De fait, nous sommes tous un peu sur les traces de quelqu’un. Nous imitons volontiers nos parents, notre grand frère, notre grande sœur, un ami, un professeur. Nous avons tous, peut-être en secret, un héros qui nous fascine. Ce rapport avec notre modèle nous façonne tranquillement au-dedans.

Dans la dynamique familiale, il y a aussi le jeu des gènes et des autres transmissions biologiques qui déjà nous configurent pour des traits qui nous font nous ressembler tant au plan psychologique que physique. Et c’est aussi un fait que nous nous conformons ou nous résistons à l’exemple, au modeling suggéré par les gens de la famille ou de notre entourage.

La Parole de Dieu nous invite aujourd’hui à nous conformer surtout au maître intérieur qui nous inspire pour une œuvre à produire d’abord en notre intérieur. Un travail de libération, de purification. Pour que soit dégagée en nous la source toujours nouvelle qui s’alimente à l’infini de Dieu.

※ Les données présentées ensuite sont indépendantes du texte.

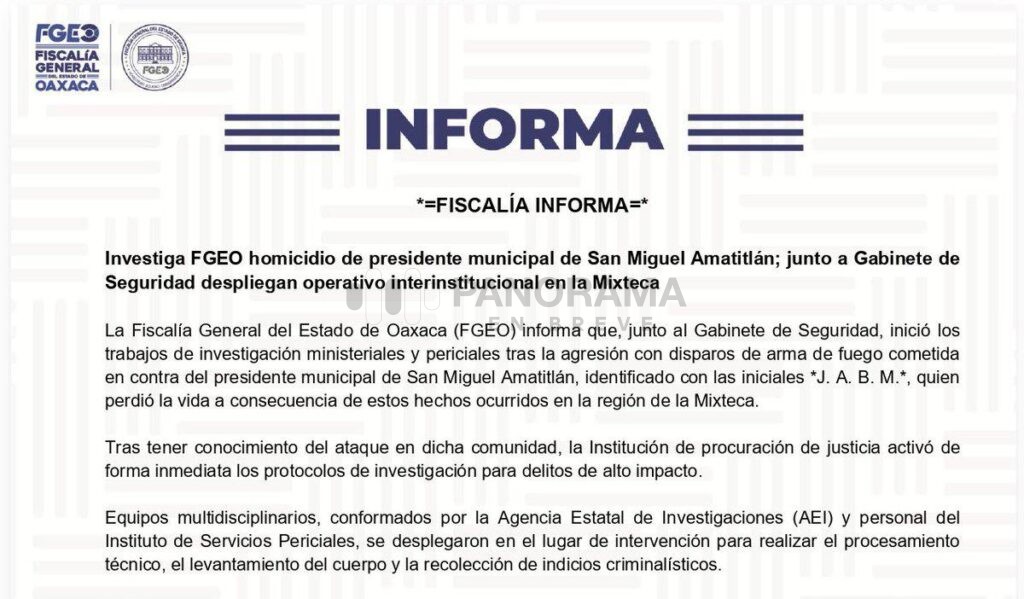 Joel Ángel Bravo Martínez, presidente municipal de San Miguel Amatitlán, Oaxaca, fue asesinado por un grupo de hombres armados que le disparó cuando se encontraba en su domicilio. 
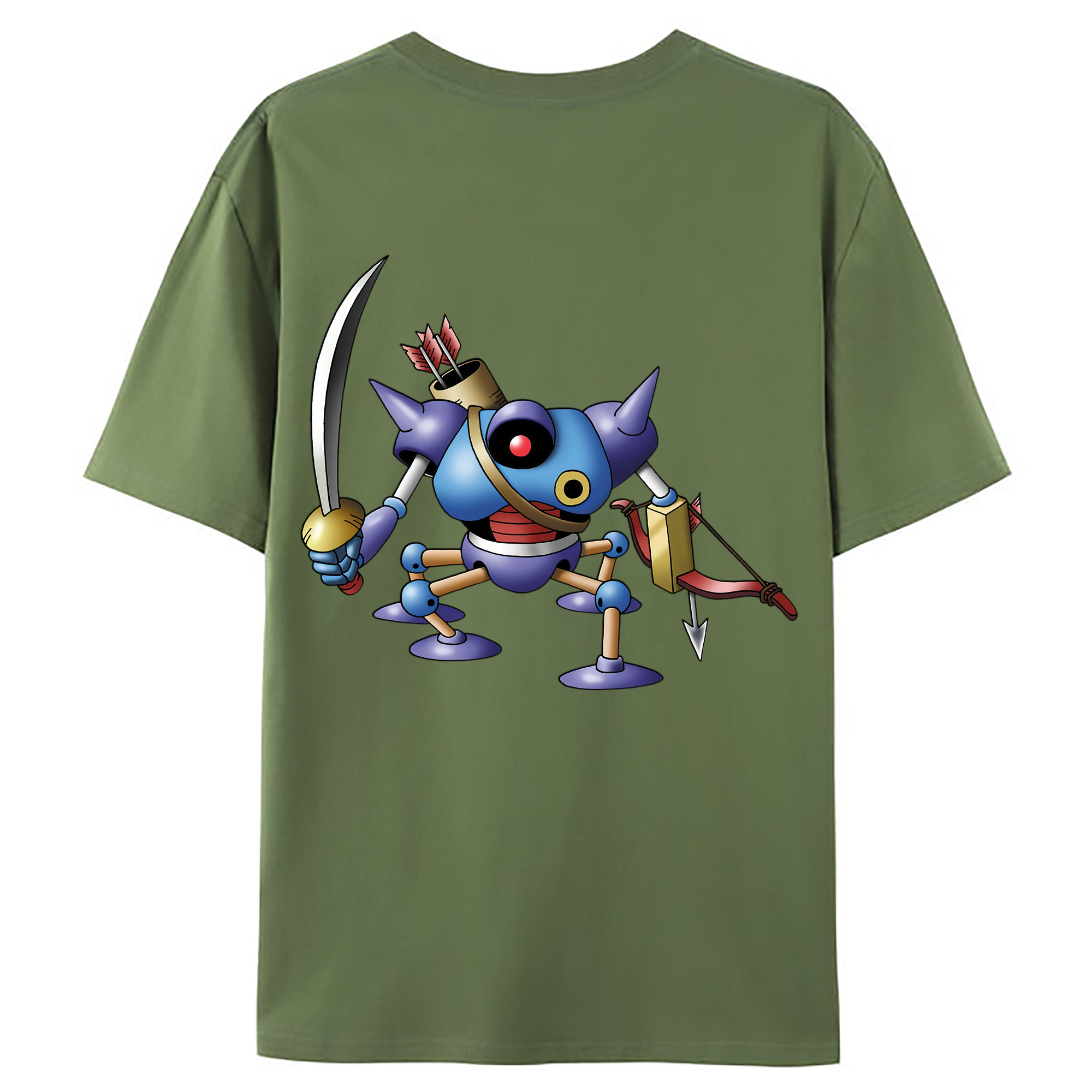 （画像用） ドラゴンクエスト Doragon Kuesuto Dragon Quest 綿100％ メンズ半袖Tシャツ（バックプリント） 通気性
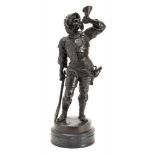 An early 20th century bronze figure of a Renaissance soldier: blowing a trumpet,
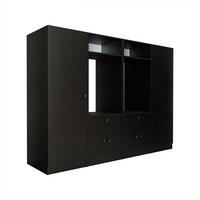 WASCHMASCHINENSCHRANK Serie 1 254cm Breit, 184cm Hoch - Schwarz, Holzwerkstoff (254/184/67cm)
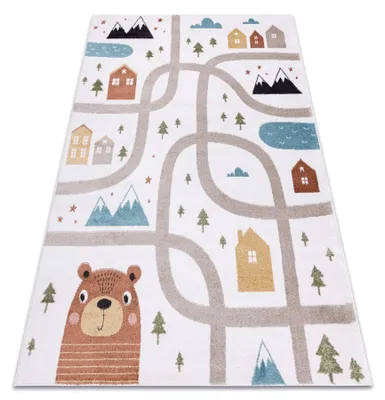 Produktbild von Teppich FUN Polar für Kinder, Straßen, Wald, creme Mehrfarben 80x150 cm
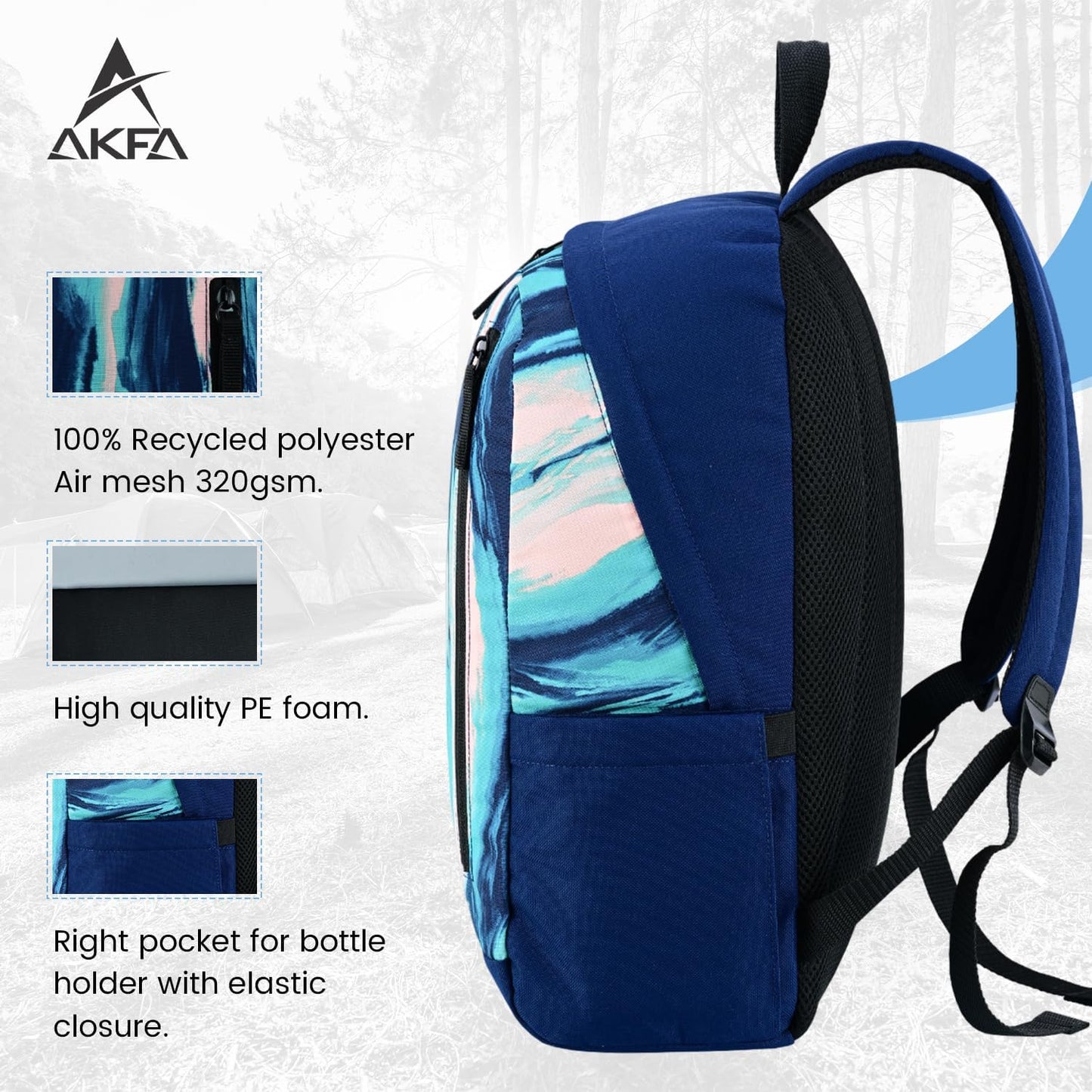 Fashion Backpack - Stylish Water-Repellent Daypack Made from 100% Recycled Polyester, 14L Capacity with Adjustable Straps (Dark Blue/Turquoise)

Il ne s’agit pas là d’une prise de contrôle de Dieu qui serait comme une force extérieure qui pèserait sur nous. Dieu le premier nous laisse libres. Il est honoré par toute liberté bien assumée. Nous ne sommes donc pas des robots, comme si notre avion était pilotée à partir d’un autre avion ou d’une base quelconque éloignée de nous. Non, le rapport personnel à Dieu dont il est ici question fait que nous sommes encore plus libres et à notre meilleur quand nous entrons sous cette influence divine qui souffle au-dedans de nous. Dieu est à l’aise avec nous. Ce qu’il fait essentiellement, c’est de nous rétablir à notre meilleur pour que nous devenions plus nous-mêmes comme si nous en revenions au plan originel qu’il avait d’abord voulu pour nous.